Kings refuse to look too far ahead
By Brian Compton - NHL.com Deputy Managing Editor
NEWARK, N.J. -- The Los Angeles Kings don't have to go back very far in the history books to realize they haven't won anything yet.
It was just one year ago that the Vancouver Canucks won the first two games of the 2011 Stanley Cup Final against the Boston Bruins, only to end up losing in a dramatic seven-game series. But there's one major difference -- the Canucks left Vancouver with a 2-0 series lead. Los Angeles is going home with one.
Jeff Carter's goal at 13:42 of overtime gave the Kings a 2-1 victory against the New Jersey Devils in Game 2 of the Stanley Cup Final at the Prudential Center on Saturday night -- and has the Kings halfway to their ultimate goal.
Los Angeles, which is now 10-0 on the road this spring, will host the Devils for Games 3 and 4 on Monday (8 p.m. ET; NBCSN, CBC, RDS) and Wednesday, respectively.
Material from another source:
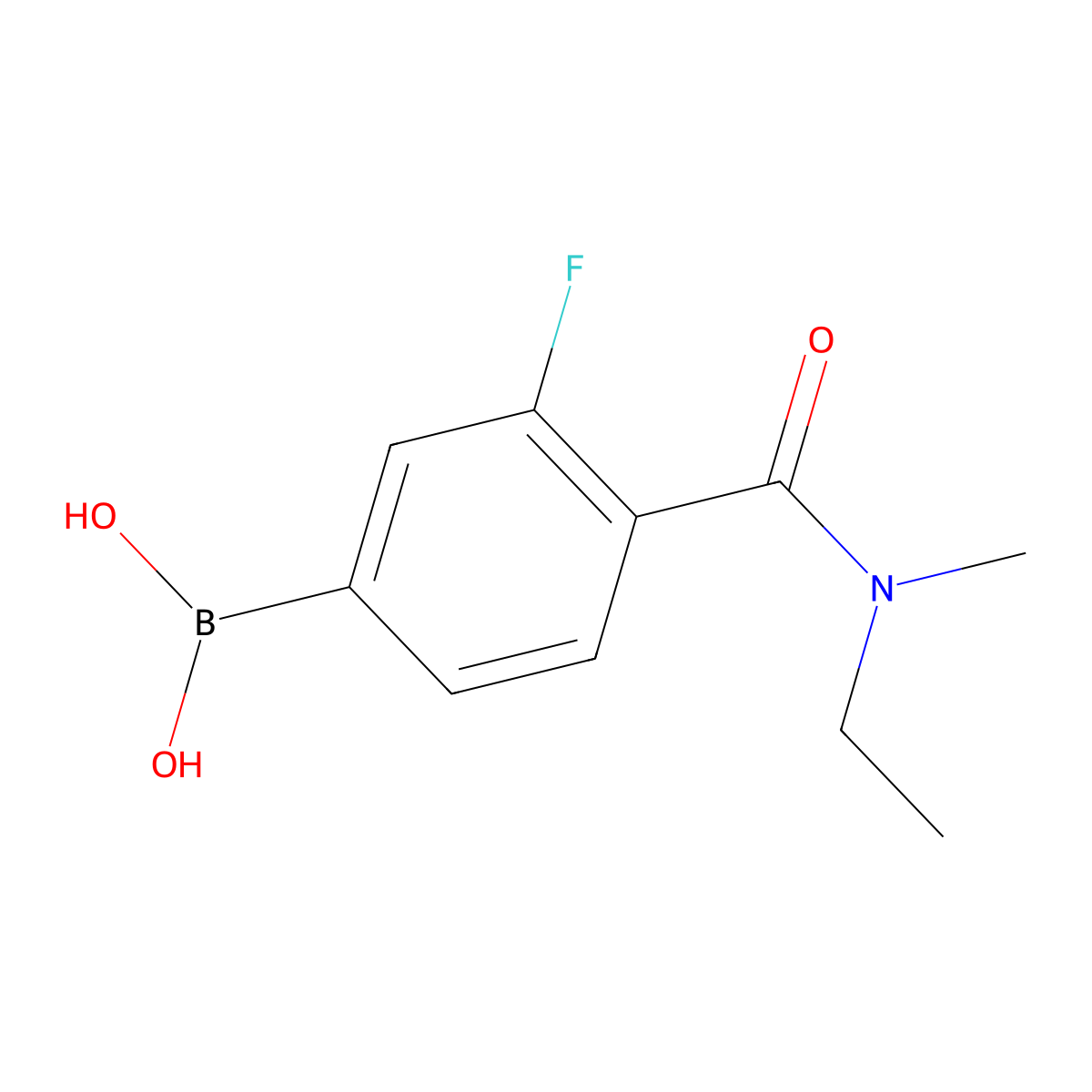 4-(Ethyl(methyl)carbamoyl)-3-fluorophenylboronic acid molecular structure, CAS 1017980-78-7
While they have a chance to assure themselves of a championship without having to travel to the East Coast again, the Kings refuse to get ahead of themselves.
"You've got to keep your eye on the prize," forward Justin Williams said. "We haven't accomplished anything yet. You look at last year -- who won the first two games and who ended up winning the Stanley Cup? Yes, we're going back home in front of our hometown fans and we're excited about that. I'm sure they are, too. But it's a quicker turnaround then it was with Game 1 and Game 2."
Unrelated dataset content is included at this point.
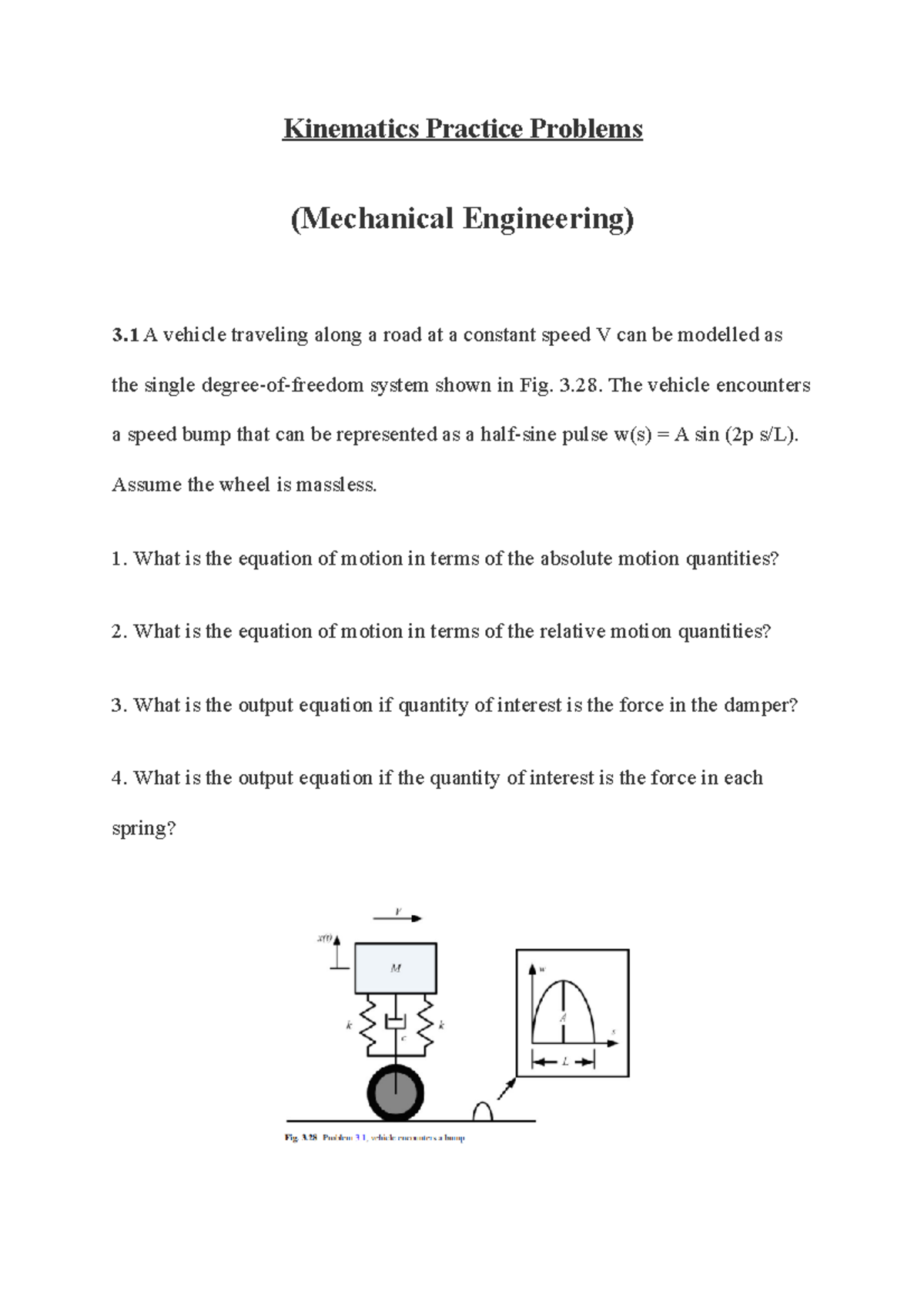 Kinematics Practice Problems - Kinematics Practice Problems (Mechanical ...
There's a chance fatigue could be a factor in Game 3. Not only do the Kings and Devils now have to fly coast to coast, but this is the first Stanley Cup Final since 1951 that required overtime in each of the first two games. Los Angeles improved to 4-0 in OT this postseason thanks to Carter's tally. The post-game celebrating, however, will be short-lived.
"I think we have to reset, refocus," said defenseman Drew Doughty, who scored one of the prettiest goals of the postseason in the opening period to give the Kings an early lead. "We have to go back to L.A. as if the series is just starting. We have home-ice advantage and we have to take the first two at home.
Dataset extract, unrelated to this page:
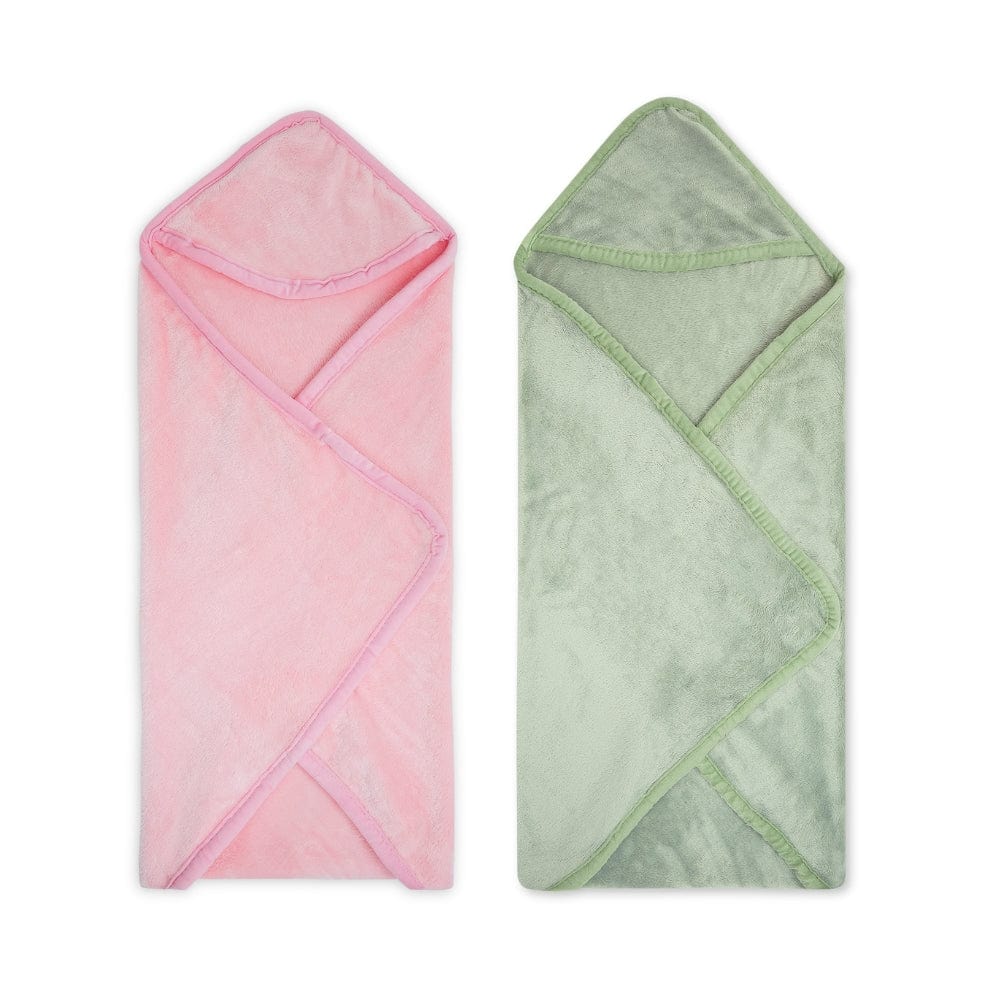 Super Soft Plush Baby Hooded Flannel Blanket - Sage Green & Baby Pink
"We're happy that we got the first two. But going home on the plane tonight, we're trying to forget about those games. We're obviously going to learn what we did right and wrong, but going back home, it's a whole new series."
It certainly will be a whole new series if the bounces go the Devils' way in Game 3. Considering just how hard they had to work to survive the first two games here, the Kings know the Devils are going to be playing with desperation Monday night at Staples Center.
"Obviously, they might be on their heels a little bit," Doughty said. "I think going into L.A., they're going to come out hard. They're playing desperate. They know they have to win four out of five now. They're going to be playing their best hockey. I think these first two games we haven't been at our best, so it's about time we pick up our socks and play our best hockey, too."
A raucous environment awaits the teams Monday night in Los Angeles, where the Kings have played just six of 16 games this postseason. Their hard work on the road across the past two months has them in position to celebrate in front of their fans.
But the Kings understand it's not going to come easy.
"We're obviously very happy with where we're at," Williams said. "We're not satisfied as of yet. We accomplished what we wanted to do here. We won two games. Now we're going to play in front of our hometown fans."
"A big two wins," center Jarret Stoll added, "but we're halfway there and it's a tough battle to go."